Laut einer aktuellen Studie ist das Medienimage des einst hoch geschätzten Siemens-Konzerns so schlecht wie seit Jahren nicht mehr, die negativen Nachrichten überwiegen die positiven. "Das Wunderkind Siemens hat Glanz verloren", sagt Frank Brettschneider, Professor für Kommunikationswissenschaft an der Universität Hohenheim. Auf der Hauptversammlung an diesem Donnerstag dürfte die Schmiergeldaffäre wieder die zentrale Rolle spielen.
Schäden auf dem Heimatmarkt
Auch Siemens ist sich des Ernsts der Lage bewusst. Der Konzern habe schwere Schläge gegen den "hart erarbeiteten guten Ruf" einstecken müssen, erklärte Vorstandschef Klaus Kleinfeld. Das Image des Konzerns habe vor allem auf dem Heimatmarkt gelitten. "Ich habe nicht den Eindruck, dass wir anderswo ähnlich in der Kritik stehen", sagte er dem "Spiegel". Das sei aber auch verständlich. "Siemens war und ist eine deutsche Ikone, die auch für moralische Werte und Integrität steht."

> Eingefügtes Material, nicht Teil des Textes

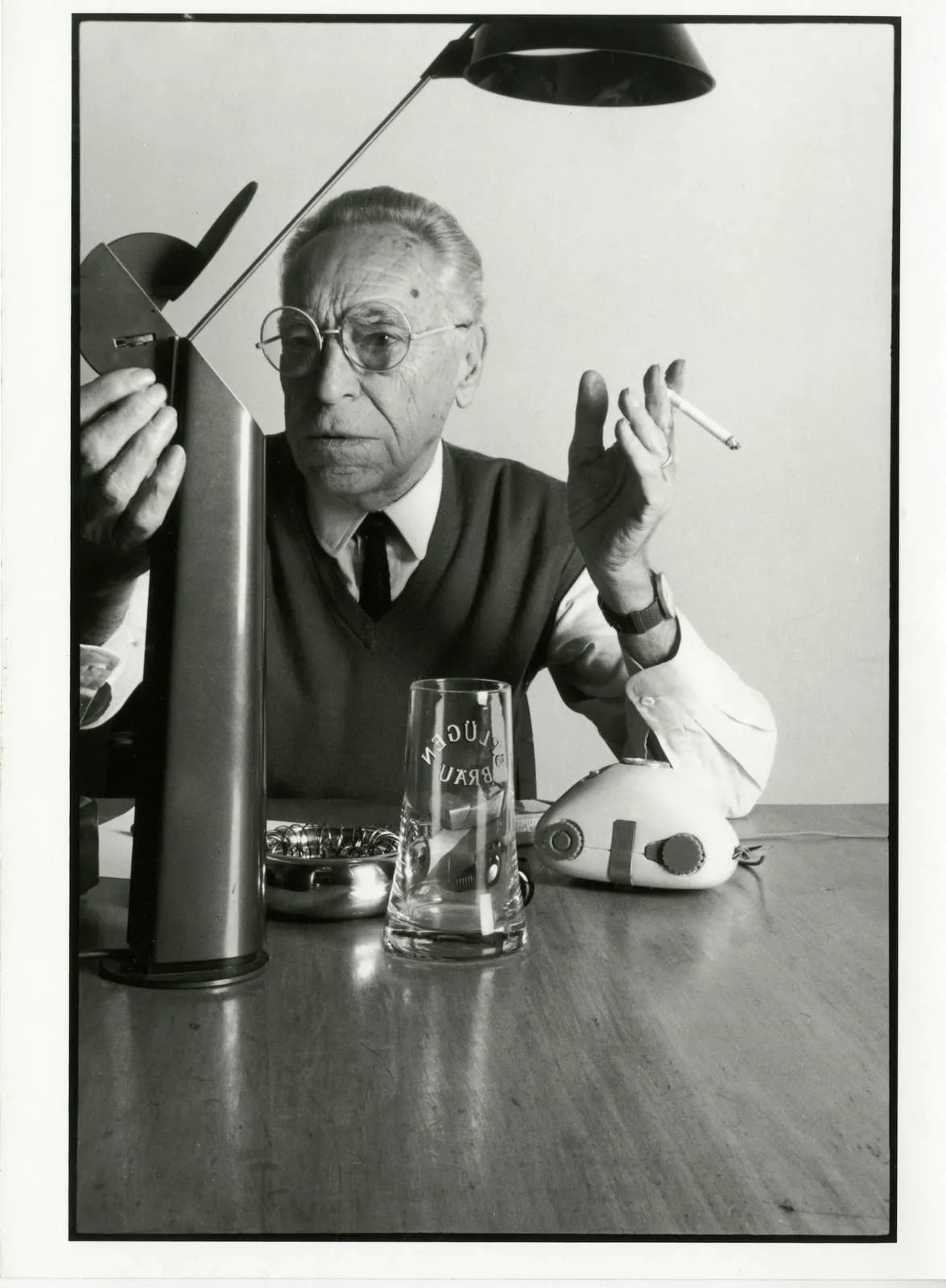 40/80 Easy Chair designed by Achille Castiglioni & Ferruccio Laviani, 1999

Derzeit aber dominiert der Schmiergeldskandal die öffentliche Wahrnehmung. Die insgesamt erfolgreiche geschäftliche Entwicklung des Konzerns gerät dabei sehr zum Verdruss von Kleinfeld in den Hintergrund. Daran dürfte auch die Veröffentlichung guter Quartalszahlen am Donnerstag vor Beginn der Hauptversammlung nichts ändern.
Ab Mitte 2003 ging's bergab
Die Untersuchung der Universität Hohenheim zeigt den Imageverlust durch die Negativ-Themen. Die Kommunikationswissenschaftler untersuchten mehr als 17.000 Veröffentlichungen über Siemens und sein Management in den führenden deutschen Medien seit 1998. Seit Mitte 2003 ging es demnach mit dem Image des einstigen Vorzeigekonzerns bergab. Zwar gab es schon früher etwa wegen der Schließung des Chipwerks in England 1998 oder des massiven Stellenabbaus in den vergangenen Jahren öffentliche Kritik. Durch die Verkündung des Konzernumbaus, den Verweis auf erfolgreiche Auslandsgeschäfte und neue Produkte sei es Siemens aber immer wieder gelungen, die Image-Kratzer auszupolieren, betont Brettschneider.
Bei der umstrittenen Gehaltserhöhung für den Vorstand, dem BenQ-Debakel und der Schmiergeldaffäre sei dies zuletzt jedoch nicht mehr gelungen. Siemens bekenne sich selbst dazu, gesellschaftliche Verantwortung anzunehmen. "Vor diesem Hintergrund stellt der aktuelle Korruptionsskandal das Vertrauen in das Unternehmen und seine Philosophie besonders in Frage."
"Katastrophale Kommunikationspolitik"
Aktionärsschützer machen die Siemens-Führung für das Image-Desaster mit verantwortlich. "Die katastrophale Kommunikationspolitik des Vorstands hat dem Image von Siemens geschadet", sagt Ulrich Hocker, Hauptgeschäftsführer der Deutschen Schutzvereinigung für Wertpapierbesitz (DSW). Die DSW will, wie andere Kleinaktionäre auch, auf der Hauptversammlung gegen die Entlastung der Führungsspitze stimmen. Bereits Anfang 2006 hätten Erkenntnisse über Korruptionsfälle im Unternehmen vorgelegen, sagt Hocker. "Das Management hätte schneller, offensiver und proaktiv an die Öffentlichkeit gehen müssen." Auch Experte Brettschneider empfiehlt Offenheit: "Wie die Unternehmensgeschichte selbst beweist, kommt es in schwierigen Zeiten vor allem darauf an, offen zu kommunizieren."